Rodney stared. The pieces were coming together, and he didn't like the picture that was forming.
"I thought I was still loopy from the meds," Sheppard explained.
"Sheppard," Rodney said, carefully maintaining composure, "have you considered the possibility that you might have an exact physical double?"
"So what else would be new?" came Zelenka's muffled voice.
Sheppard frowned, eyes narrow, jaw slightly slack, in what was either an expression of "Thought in progress; please hold" or "I am growing increasingly angry" or perhaps both.
Before he could speak, Rodney burst out, "And before you hit me upside the head and ask how did I spend all evening with him and not realize it wasn't you, I don't know! It seemed like you, okay?" It hadn't, though, of course. For one thing, the real Sheppard had never licked circles around his nipples. Had never sucked his earlobes and then whispered hotly, "Do you have any lube?" Had never lain on Rodney's bed with his legs spread, had never let Rodney grip hold of his shoulder and thrust into him again and again--that should have been his first tip-off.
"I wasn't going to say anything," said Sheppard.

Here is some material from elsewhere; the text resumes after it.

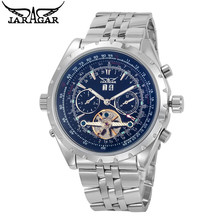 New 2017 JARAGAR Fashion CHRO AUTO Mechanical Watches Mens Auto Stell Men's Watch Wristwatch +Gift Box Free Ship 2024 - buy cheap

And insincerely, "I am a little hurt, though."
"Obviously we have to figure out what he is and what he's doing here," said Rodney.
"He could have come from an alternate timeline," Zelenka called. "Like Rod." Was that the hint of a dreamy sigh? Rodney scowled.
"Well, he can't be one of those clones," said Sheppard, getting into it. "We saw what happened to them."
"Yeah, but we don't know how many actual clones have been built; there could be others. And it's possible the Replicators themselves have figured out how to--oh, shit!" Rodney screeched, and leapt through the open bay door and out into the safety of the hangar. While Sheppard, or whatever he was, was still confused by this sudden about face, Rodney ordered quickly, "Zelenka, I'm going to need you to very carefully step away from the conduits and join me for a conference out here on, um, very important energy reduction techniques which I just thought of and which Sheppard would have no interest in."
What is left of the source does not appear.